After hearing evidence on the voir dire, a Magistrate ruled that the certificates tendered as statutory aids to proof of the offence should not be admitted into evidence. This was because the Magistrate considered that the speed camera had not been operated on 7 June 2007 in accordance with the relevant operating instructions.
Following that ruling, the prosecution led no further evidence of the alleged offence. The Magistrate then dismissed the complaint. The Court record contains the following endorsement signed by the Magistrate:
Based upon my ruling delivered on 4.9.09 having upheld the objection to the admission of the certificates as to the accuracy of the speed analysing instrument and there being no other evidence presented in relation to that alleged offence I am not satisfied that the speed detection device established on Pine Avenue at Hahndorf on 7.6.07 is reliable. Accordingly dismiss complaint.
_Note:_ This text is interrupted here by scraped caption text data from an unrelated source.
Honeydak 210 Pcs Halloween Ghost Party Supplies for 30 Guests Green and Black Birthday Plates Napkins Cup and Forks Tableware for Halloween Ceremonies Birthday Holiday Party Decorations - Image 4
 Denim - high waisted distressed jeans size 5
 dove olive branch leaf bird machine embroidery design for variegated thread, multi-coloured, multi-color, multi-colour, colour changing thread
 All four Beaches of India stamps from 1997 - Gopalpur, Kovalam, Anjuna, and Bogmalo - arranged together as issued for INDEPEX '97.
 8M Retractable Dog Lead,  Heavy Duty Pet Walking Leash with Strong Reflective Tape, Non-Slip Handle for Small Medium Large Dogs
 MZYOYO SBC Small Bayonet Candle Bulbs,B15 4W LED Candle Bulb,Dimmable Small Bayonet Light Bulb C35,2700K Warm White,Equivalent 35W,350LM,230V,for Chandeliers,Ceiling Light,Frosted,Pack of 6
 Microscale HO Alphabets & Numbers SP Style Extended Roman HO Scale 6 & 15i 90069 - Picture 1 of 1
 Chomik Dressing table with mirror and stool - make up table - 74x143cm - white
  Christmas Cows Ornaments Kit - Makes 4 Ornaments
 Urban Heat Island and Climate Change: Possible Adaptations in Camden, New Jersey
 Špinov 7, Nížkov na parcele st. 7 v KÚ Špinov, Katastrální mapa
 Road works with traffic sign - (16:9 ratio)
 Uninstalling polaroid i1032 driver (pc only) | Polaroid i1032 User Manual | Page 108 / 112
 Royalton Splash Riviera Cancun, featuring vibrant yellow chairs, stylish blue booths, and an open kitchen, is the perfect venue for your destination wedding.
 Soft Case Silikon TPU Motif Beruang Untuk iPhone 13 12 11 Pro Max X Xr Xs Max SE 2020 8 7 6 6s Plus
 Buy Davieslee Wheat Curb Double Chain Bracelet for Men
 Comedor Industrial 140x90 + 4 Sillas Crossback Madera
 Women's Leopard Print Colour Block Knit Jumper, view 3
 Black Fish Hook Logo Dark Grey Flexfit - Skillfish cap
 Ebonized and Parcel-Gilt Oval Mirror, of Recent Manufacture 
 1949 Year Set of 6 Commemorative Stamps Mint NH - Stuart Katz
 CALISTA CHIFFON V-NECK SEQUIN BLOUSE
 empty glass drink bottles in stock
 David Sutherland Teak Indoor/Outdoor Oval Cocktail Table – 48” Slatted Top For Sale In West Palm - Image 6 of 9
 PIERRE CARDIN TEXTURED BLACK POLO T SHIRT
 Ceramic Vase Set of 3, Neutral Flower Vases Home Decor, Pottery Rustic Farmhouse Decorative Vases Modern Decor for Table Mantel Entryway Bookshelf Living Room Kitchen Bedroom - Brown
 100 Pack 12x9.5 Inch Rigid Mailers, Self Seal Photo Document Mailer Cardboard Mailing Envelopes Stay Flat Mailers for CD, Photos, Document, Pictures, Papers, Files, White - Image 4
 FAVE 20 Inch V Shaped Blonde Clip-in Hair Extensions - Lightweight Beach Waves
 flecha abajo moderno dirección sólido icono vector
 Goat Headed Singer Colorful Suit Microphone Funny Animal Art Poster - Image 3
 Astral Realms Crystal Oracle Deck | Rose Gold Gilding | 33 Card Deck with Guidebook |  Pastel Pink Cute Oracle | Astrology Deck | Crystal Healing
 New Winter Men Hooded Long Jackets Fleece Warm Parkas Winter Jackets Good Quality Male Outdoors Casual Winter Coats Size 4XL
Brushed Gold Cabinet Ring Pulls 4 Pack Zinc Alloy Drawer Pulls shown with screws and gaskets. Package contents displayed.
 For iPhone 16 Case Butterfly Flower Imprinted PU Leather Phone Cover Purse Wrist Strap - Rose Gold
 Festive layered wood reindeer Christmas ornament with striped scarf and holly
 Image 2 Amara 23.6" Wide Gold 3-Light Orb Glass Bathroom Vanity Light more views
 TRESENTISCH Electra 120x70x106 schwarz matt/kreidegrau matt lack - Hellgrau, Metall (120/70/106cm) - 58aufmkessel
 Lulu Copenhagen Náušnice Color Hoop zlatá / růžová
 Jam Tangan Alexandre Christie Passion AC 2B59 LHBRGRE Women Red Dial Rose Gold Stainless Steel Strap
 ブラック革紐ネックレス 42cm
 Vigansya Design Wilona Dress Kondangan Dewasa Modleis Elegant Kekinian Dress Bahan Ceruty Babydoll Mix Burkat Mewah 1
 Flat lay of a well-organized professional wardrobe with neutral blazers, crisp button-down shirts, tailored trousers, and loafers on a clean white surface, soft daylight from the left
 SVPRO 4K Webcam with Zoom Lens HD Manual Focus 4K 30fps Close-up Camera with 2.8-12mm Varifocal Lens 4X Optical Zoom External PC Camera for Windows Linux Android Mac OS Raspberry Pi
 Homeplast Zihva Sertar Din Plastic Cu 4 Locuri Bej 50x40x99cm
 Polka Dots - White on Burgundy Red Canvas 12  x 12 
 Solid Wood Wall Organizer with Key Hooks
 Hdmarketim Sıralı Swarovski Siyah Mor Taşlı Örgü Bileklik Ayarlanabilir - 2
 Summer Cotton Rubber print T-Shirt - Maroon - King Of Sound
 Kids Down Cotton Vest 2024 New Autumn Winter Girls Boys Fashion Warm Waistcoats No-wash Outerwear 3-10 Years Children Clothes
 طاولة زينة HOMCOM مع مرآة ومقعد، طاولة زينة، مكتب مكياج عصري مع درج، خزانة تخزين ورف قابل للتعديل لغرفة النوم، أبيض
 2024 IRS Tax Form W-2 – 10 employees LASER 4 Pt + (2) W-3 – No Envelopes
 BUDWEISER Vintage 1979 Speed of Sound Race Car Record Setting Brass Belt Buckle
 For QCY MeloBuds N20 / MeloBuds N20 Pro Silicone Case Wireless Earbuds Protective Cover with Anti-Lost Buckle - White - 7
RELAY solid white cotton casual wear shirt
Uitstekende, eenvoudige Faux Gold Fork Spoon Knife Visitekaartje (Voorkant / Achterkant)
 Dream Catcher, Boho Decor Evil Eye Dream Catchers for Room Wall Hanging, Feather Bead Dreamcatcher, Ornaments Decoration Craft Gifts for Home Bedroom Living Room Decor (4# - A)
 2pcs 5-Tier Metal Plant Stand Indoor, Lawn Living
This endorsement rather suggests that the Magistrate dismissed the complaint because he was not satisfied that the speed detection device upon which the prosecution relied was reliable. However, I am satisfied that, in truth, the complaint was dismissed because the prosecution had led no evidence concerning the speed of the defendant’s vehicle after its tender of the certificates comprising the statutory aids to proof was rejected.
The Police now appeal against the dismissal of the complaint, contending that the Magistrate’s voir dire ruling was wrong. The appeal raises issues about the operation of the statutory aids to proof contained in s 79B(10) of the Road Traffic Act 1961 (SA) (RTA). The first issue is whether a Magistrate’s finding that a speed camera was not operated in accordance with the manufacturer’s operating instructions, or those issued by the Police themselves, with the resultant possibility of an incorrect reading, has the effect that the prosecution may not tender a certificate comprising a statutory aid to proof. The second issue is whether the prosecution must prove that the speed camera was in proper order and properly operated at the time of detection of the alleged offence before it can tender the certificate comprising the statutory aid to proof.
The respondent was also charged on a separate complaint with a speeding offence alleged to have been committed on 16 May 2007. This charge was heard at the same time as the charge concerning the alleged offence of 7 June 2007.[1] The Magistrate did not exclude the certificates relied upon by the prosecution in relation to that charge. No question about that charge, or the Magistrate’s voir dire ruling in relation to that charge, arises on the present appeal.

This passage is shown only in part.